RE: Drunkenmaster - I heard the same things said about nVidia with the FX series launch... and they are still very much here and now... so I don't think they are going anywhere quickly. Tho the failures with tegra will have hurt them badly - but they've always come back from being on the backfoot in the past so I wouldn't be so quick to count them out.
Oh and ARM is just awesome
EDIT: Oh and yeah intel will never succeed in the performance graphics market however much money they throw at it... despite being capable of very good software and hardware development... unless theres a huge shift in mentality - their whole approach to products while working very well in other markets doesn't suit performance graphics well.
See you said this, for a long time, every time Larabee was brought up, however their Sandybridge GPU shows a MASSIVE, monumental leap forwards in low end gpu power, also most importantly, Anand who used to mock Intel IGP's for giving awful IQ and dodgey drivers suggest their new GPU is massively massively better and giving equal IQ aswell as performance to a 5450.
Lets be honest, theres VERY little difference between a small 12core Sandybridge gpu and sticking one with 10 units stuck together on a discrete card.
They've clearly addressed, significantly, IQ, power, ability to deliver it and considering the supposed power of Sandybridge chips, their 12core gpu seems set to use very little power, to the degree that you could stick 20 of these units together and have a workable product.
I mean a Fermi high end and low end, a Nvidia IGP or AMD IGP is little more than just one or two units of a high end card, the architecture is all but the same.
Also no, no one said anything similar at the FX launch, no one predicted Nvidia's downfall or their unwillingness to change their ways, it was one bad product, with a good one before and after it. the 280gtx through to the current gen ALL show the same signs of sticking to certain design philosophy that has made them progressively worse over 3 years.
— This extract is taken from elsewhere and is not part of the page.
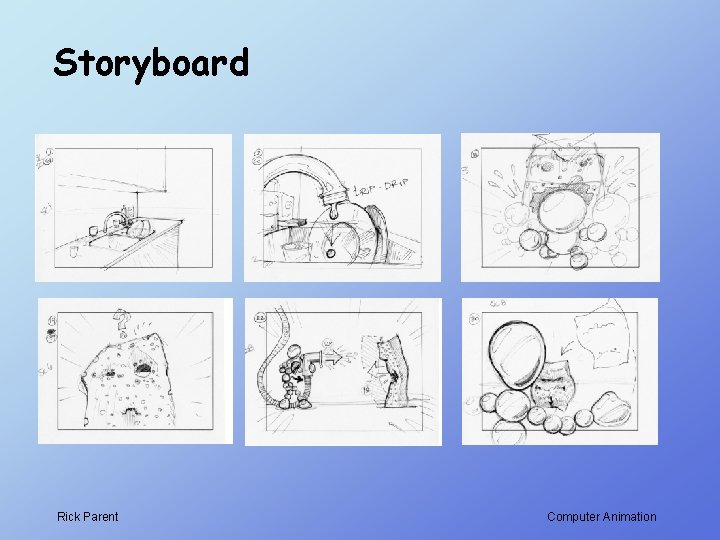 Storyboard Rick Parent Computer Animation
The situation around the FX wasn't the same, the FX was memory bus limited, it was on a new process, it had a new type of memory that wasn't working well, the fx5900 came out not much later at all, with double the memory bus, back to the original ddr memory, with almost certainly some idea's of fixes for the new process, etc, etc. THe problem was, when Nvidia had that trouble, it was just too early for the process, it wasn't part of an ongoing problem, the volume part of the company wasn't about to fold, and they were selling gf4mx-ti in the rest of the range without issue that made profit and were good cards for the prices.
Same with AMD and the 2900xt, while that and the FX5800 were late and had problems, the ENTIRE rest of the range were selling like hotcakes, making the companies oodles of money and neither company had ANY problem, it took Nvidia 3 months to go from a uncompetitive 5800(with the first dual slot cooler) to a 5900 which was hugely better and had no problems.
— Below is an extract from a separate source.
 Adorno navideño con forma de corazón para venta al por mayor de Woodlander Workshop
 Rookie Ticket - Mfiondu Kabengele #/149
These days, Nvidia is 6 months late, have EOL'd the previous chips, have no mid or high end cards selling in quantity and the low end is based on the previous gen, isn't that competitive. LIkewise around the 5800 Nvidia had huge brand recognition with partners who loved them, this time around they've gone through 2 years of publicity disasters, hugely higher RMA numbers than normal due to faulty parts, huge problems for many of their partners. Nvidia can't count on the console market, probably at all, in the next gen, they can't count on the low end, they can't count on Tegra for a long while as it quite obiviously needs to be redone from the ground up. Considering everyone else can get working ARM cores done right, on spec, on time, the only difference is Nvidia using its own gpu's on board, so take 2 guess's which part of Tegra is over power and late and off spec? Again pointing to the fact that its their own gpu's that have fundamental issues, those being, they are completely unsuitable for mass production on process's this small, they have old thinking and its killing them.
Remember when the 5900 came out, it was a high profit part, and the low and mid end were making money and they had the massive share of the market.
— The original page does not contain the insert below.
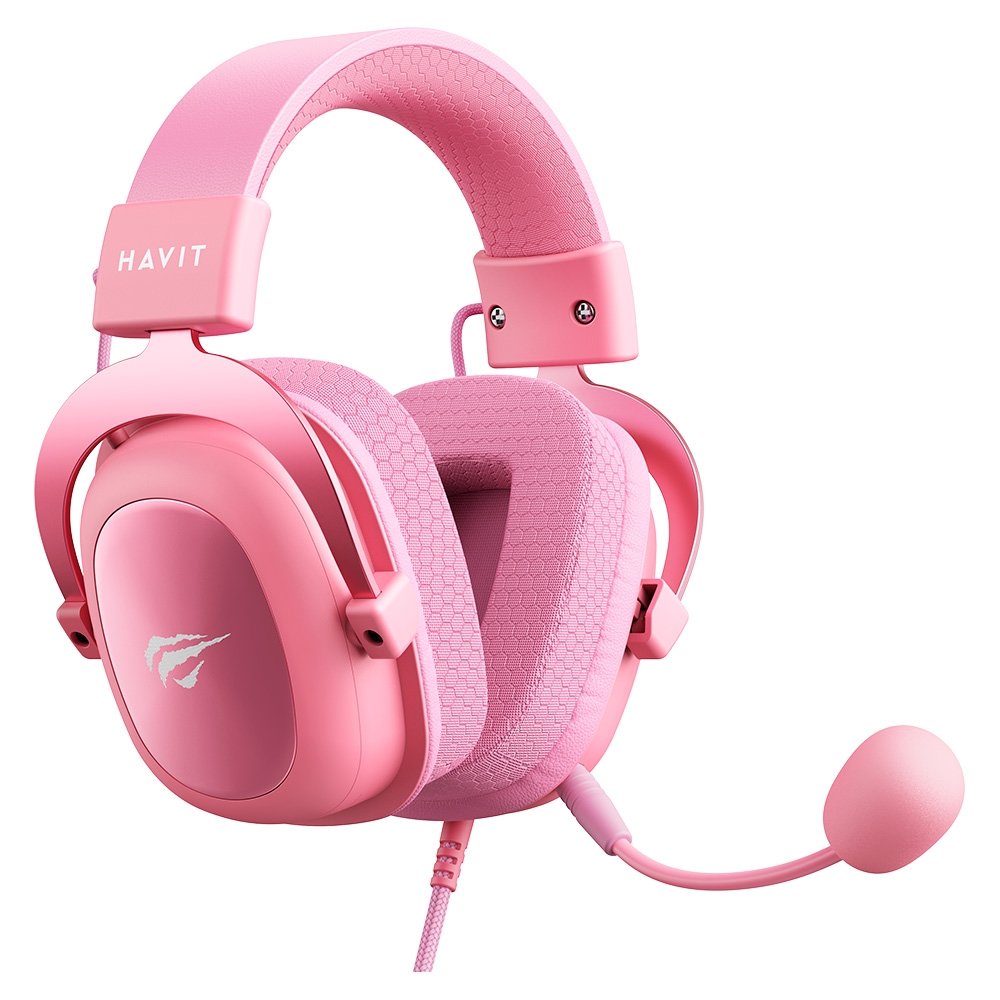Headset Gamer Havit H2002D, Drivers 53mm, P3, ( Balão.info) ONE e PS4, Rosa - HV( Balão.info - foto 2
This time when Fermi finally launched, it made a loss on every sale, and continues to be utterly slapped around at the current price the 470gtx sells at, the "5900" of the Fermi, the GF104, isn't fast enough to compete while the fx5900 was on par with a 9700, the gf104 is massively slower than cores that are smaller and sold at a higher cost, the GF104 is barely scraping a profit.
The situations aren't remotely comparable, for it to be the same, for AMD, while the 2900xt was screwed the x1950pro would need to be making a loss or just breaking even, or EOL'd, and the low end would have had to be up against Nvidia's 8xxx low end, it wasn't, Nvidia's mid and low end weren't out before AMD's, the x1950 was competing against the 7900, not the 8600 it should have been, same goes for the low end.
Nvidia is screwed across their entire product range, in the 2900xt or the fx5800 days it was ONE product, with the rest selling with a healthy profit with huge volume. None of that is true of Nvidia now.